In mid-December 2015, the insurance company sent April a letter terminating her long-term disability benefits, effective December 31, 2015.

Completely frantic, April retained me. I commenced a lawsuit within days. About three weeks later I received a phone call from the insurance company’s in-house lawyer who left me a voicemail message. In that message he admitted that terminating April’s long-term disability benefits was a mistake, and went on to say that since they would put her back on claim right away there was “no harm” and we should abandon the lawsuit.

This left April with a difficult choice: to go back on claim with an insurance company she no longer trusted, or terminate the relationship. She chose the latter.

I wrote to the insurance company in early 2016 and offered them a choice. They could either pay out the full value remaining on April’s claim plus a reasonable amount to cover all of her expenses and legal fees, or go to trial.

The insurance company refused both options and unilaterally re-instated April’s benefits. April was horrified; she had no trust in the insurer and didn’t want to be in a relationship with them again. She also told me that had she not retained me she might have simply accepted the insurance company’s termination. She was afraid that other vulnerable people might fall victim to similar tactics if the insurance company was not taken to task. She instructed me to push forward with a “bad faith” lawsuit against the insurance company.

I set up an examination for discovery of the person who terminated April’s claim, and had a major fight with the insurance company about getting her training records. It turned out that the decision maker had a business and collections background, and was likely unqualified to handle such a complex claim.

I set the action for a jury trial.

Finally the insurance company came to me and offered to buy out April’s claim, but at a significant reduction on the basis that she may die or get better before age 65 (when her policy benefits would end). April decided to try, one last time, to get the insurance company to settle her claim.
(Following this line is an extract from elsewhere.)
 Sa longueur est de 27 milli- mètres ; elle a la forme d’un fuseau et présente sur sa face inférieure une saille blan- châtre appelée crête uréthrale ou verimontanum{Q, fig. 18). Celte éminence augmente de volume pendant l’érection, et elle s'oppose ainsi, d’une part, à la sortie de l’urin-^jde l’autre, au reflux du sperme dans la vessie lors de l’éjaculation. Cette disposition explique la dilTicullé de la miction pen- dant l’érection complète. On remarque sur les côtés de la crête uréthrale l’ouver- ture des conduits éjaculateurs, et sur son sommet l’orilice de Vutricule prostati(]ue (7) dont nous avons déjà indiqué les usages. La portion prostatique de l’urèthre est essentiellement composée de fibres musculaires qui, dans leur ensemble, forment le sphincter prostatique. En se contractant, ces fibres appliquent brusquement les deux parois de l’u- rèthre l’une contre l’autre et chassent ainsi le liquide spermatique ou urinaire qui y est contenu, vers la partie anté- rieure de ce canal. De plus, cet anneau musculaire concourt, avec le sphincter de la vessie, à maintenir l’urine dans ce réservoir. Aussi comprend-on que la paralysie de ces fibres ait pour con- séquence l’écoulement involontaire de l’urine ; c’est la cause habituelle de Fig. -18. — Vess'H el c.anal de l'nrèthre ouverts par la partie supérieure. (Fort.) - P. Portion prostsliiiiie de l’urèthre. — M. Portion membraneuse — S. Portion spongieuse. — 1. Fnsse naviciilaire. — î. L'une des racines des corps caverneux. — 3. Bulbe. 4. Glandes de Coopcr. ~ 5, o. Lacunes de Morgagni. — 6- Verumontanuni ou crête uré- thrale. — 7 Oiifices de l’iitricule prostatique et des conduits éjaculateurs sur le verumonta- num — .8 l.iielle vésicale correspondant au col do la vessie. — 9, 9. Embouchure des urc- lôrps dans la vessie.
I wrote another letter, in which I said, in part:

In opening to the jury I will highlight the fact that there is no issue as to what the insurer did, the question is: why?

Why, in the face of 15 years of medical records supporting total disability, did the insurer cut her off?

Why, in the face of the CPP independently finding her suffering from a severe and prolonged, did the insurer cut her off?

Why, in the face of its own expert supporting total disability, did the insurer cut her off?

Why was it so easy for the insurer to reverse the termination, without additional medical evidence, just weeks after it cut her off?

In my closing I will educate the jury about the purposes of punitive damages: not just to denounce and punish, but to deter – specifically and generally. I will ask the jury to consider how high a punitive damages award must be to change the behavior of a corporation with net annual profits of several billion dollars.

Additionally, I will ask the trial judge to charge the jury on the law as set out in Asselstine v. Manulife and UBC, 2003 BCSC 1119 (affirmed on this issue at 2005 BCCA 292), where the Court noted that:

A duty of good faith and fair dealing requires an even-handed evaluation of all evidence before the insurer by the insurer. Just as one cannot cherry-pick the information to send to an assessor for a rehabilitation opinion, one cannot choose only to accept certain medical evidence in the face of compelling, conflicting evidence.

One hour after I sent my letter the insurance company accepted April’s offer and settled her claim.